The Instagram account contained numerous photographs that included a gold Rolex watch, a distinctive bracelet and sneakers, and a luxury Mercedes AMG GLE63 automobile that all match items shown in a video of the arrest released by Czech police.
A social-media friend of Nikulin's who asked not to be identified told Current Time that Nikulin was "an idiot" for traveling abroad and that "he knew about Interpol."
The last post to the i.tak.soidet Instagram account appeared on October 11, six days after Nikulin's arrest. It is a simple text message that says, "I will return soon, what's all the fuss?" and was tagged "Prague Old Town."
One of the Instagram road photos from the days before the detention shows Nikulin's Mercedes apparently in Poland, and has a comment from a user asking, "What about Interpol?"
Current Time was also able to learn the license-plate number of Nikulin's Mercedes, which appears to match the blurred number shown in the video released by the Czech police
It is unclear exactly what role Nikulin is suspected of playing in the alleged U.S. website hacks or even which websites were involved. A spokesperson from the U.S. Embassy in Prague confirmed that a Russian had been detained who was "suspected of hacking U.S. targets."

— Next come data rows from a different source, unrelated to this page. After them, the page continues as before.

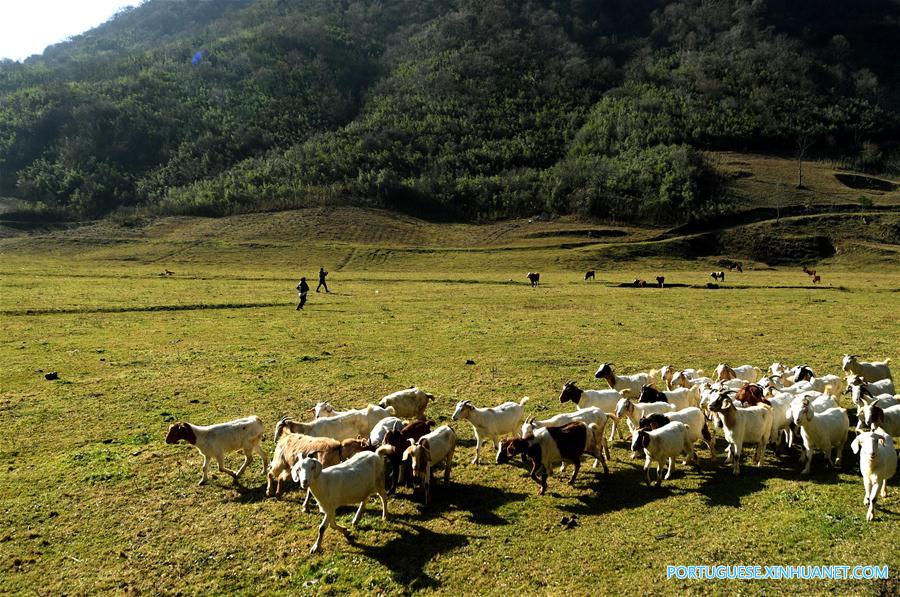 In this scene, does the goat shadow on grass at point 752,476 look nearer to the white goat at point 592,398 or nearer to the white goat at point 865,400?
the white goat at point 865,400

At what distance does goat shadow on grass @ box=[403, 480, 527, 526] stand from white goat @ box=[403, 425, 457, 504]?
0.20 metres

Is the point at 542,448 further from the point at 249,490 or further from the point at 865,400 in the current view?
the point at 865,400

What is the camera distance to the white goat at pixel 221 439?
11898 millimetres

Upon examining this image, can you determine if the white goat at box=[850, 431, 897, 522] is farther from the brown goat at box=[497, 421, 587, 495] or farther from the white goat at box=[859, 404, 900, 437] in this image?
the brown goat at box=[497, 421, 587, 495]

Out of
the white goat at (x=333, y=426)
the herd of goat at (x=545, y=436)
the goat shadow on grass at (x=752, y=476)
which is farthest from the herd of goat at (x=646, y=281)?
the white goat at (x=333, y=426)

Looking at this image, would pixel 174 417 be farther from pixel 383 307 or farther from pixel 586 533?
pixel 383 307

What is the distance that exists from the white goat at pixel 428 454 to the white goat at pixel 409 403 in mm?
2977

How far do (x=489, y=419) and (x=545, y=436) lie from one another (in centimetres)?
195

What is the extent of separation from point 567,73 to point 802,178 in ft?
299

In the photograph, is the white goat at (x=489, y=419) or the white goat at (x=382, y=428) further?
the white goat at (x=489, y=419)

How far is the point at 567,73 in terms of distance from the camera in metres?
182

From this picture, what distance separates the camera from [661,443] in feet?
37.3

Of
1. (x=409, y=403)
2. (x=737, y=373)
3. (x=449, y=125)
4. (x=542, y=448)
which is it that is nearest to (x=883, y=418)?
(x=737, y=373)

Hours after news emerged of the arrest, the professional networking service LinkedIn issued a statement suggesting the development was connected to a 2012 breach of its members' information. In May, LinkedIn acknowledged that intrusion compromised more than 100 million of its users' passwords.
The social-media friend who spoke with Current Time described Nikulin as "a young genius" who "now will be working for the government in the United States." The i.tak.soidet Instagram account, however, does not hint at any specific expertise in computers.
The i.tak.soidet account is popular, with nearly 44,000 followers and most of his posts garnering hundreds, or even thousands, of "likes."
'A Successful Entrepreneur'
In a 2015 interview with the Russian car website AvtoRambler, Nikulin describes his experience of owning Lamborghini cars. He is described as "a very busy young man."
"Yevgeny is already a successful entrepreneur whose business interests include a construction firm, an automobile service garage, and a company that sells luxury watches. As you can see from our interview," the article states, "the Huracan is not his first Lamborghini."
He boasts of owning a Bentley, a Continental GT, and a Mercedes-Benz G-Class.
No date has been set for Nikulin's extradition hearing, but Czech authorities said the man would remain in custody until that process.
The Russian Embassy in Prague told Current Time that Moscow will be seeking his return to Russia. Moscow, an embassy source said, rejects "the U.S. practice of forcing the entire world to enforce its extraterritorial jurisdiction."
Interpol had issued a so-called Red Notice for the alleged Russian hacker, a designation for "wanted international fugitives."
President Barack Obama's administration on October 7 explicitly pointed to Russia as the alleged director of recent cyberattacks and leaks seemingly aimed at disrupting the U.S. elections in November, citing e-mails and digital intrusions on a range of election-related institutions. A week later, Vice President Joe Biden said the United States was "sending a message" over Russia's apparent role in the digital attacks and Russian President Vladimir Putin would get it.
Putin's spokesman and other Russian officials have downplayed such allegations and suggested that they are "dirty tricks" and Americans should pay more attention to the information contained in the leaks.